Otherwise, I don't understand your concern about attic ventilation with a hip roof. Your goals should be to have adequate soffit and ridge ventilation (which you will), no air leakage from house into the attic, and piles of insulation on the attic floor to keep heat out of the attic. This will give you a dry attic year round in NH. I also am in NH, have a hip roof with two-foot overhangs, essentially no air leakage of interior air into the attic, and R60 worth of loose cellulose on the attic floor. In winter, the attic stays dry, the snow doesn't melt from below, and thus there are no ice dams or icicles at the roof edges.
John Brooks I do agree with your perspective but I have had several clients who really don't want an out building and have ended up going up into spray foam attics and building storage areas with leaky doors and it's just not all that hard to detail a little storage cube up there and seal it up as part of the plan if the client really needs conditioned storage and doesn't have room for a storage building or extra storage in the house or basement / crawl.
I have concerns with relying on the gaskets on a pull-down staircase and framing up the attic floor to accommodate R-38 or more under the storage deck. I'm a lot more comfortable relying on a small dry walled room with R-19 below and and on the walls and R-38 above. It's really not that difficult to do. But yes, a storage shed in the back yard is better on any number of levels.
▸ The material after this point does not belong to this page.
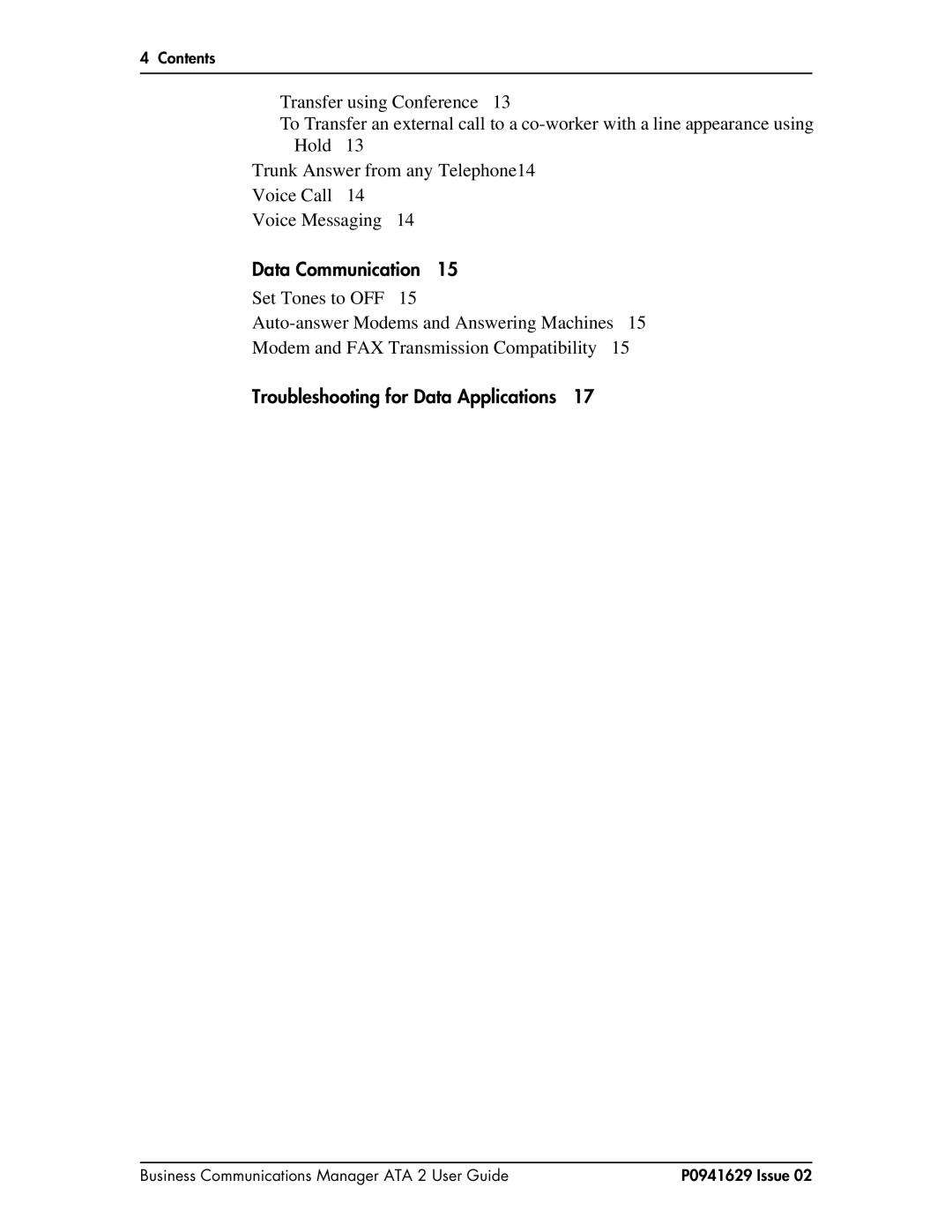 Nortel Networks P0941629 manual Data Communication, Troubleshooting for Data Applications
well thank you all very much -- I catch the drift -- seal off the attic, stop trying to make some use of the space....but it's hard to look at it and not want to at least store....Christmas decorations. I'm not doing spray foam. I want to ensure I can either see or get to the roof sheathing, at least until I'm sure I don't have any ice-dam issues. I have to build "access" even if just to make sure the attic is ok; not a pull-down stair; it will be a doorway/hatch and I'll make it well sealed. Final concept -- "adequate soffit and ridge ventilation... no air leakage from house into the attic... piles of insulation." Got it. -- thank you all for your help.
I think the ideas presented by Lewis and all are horrendous. I build homes. I would not contemplate this mish mash of construction. Really?
Stick with basics to get half way to where you want to go. John Brooks is right on.
Michael, I am all for you doing your design. But for many, they will not be able to build your idea well enough, and many who come here are on very low budgets. I could build this many ways but waving my hands and posting some tidbits is not going to be enough to pass on the abilities to do Michael Chandler level workmanship.
Dick yaa beat me to it... Another vote for sanity.
One more voice for leaving the underside of your roof sheathing and your rafters open to the attic and available for visual inspection. That allows you to look for future roof leaks, and it also allows the roof sheathing and rafters to dry quickly if they ever get wet.
There really are very few times when it makes sense to encapsulate wood construction materials with polyethylene.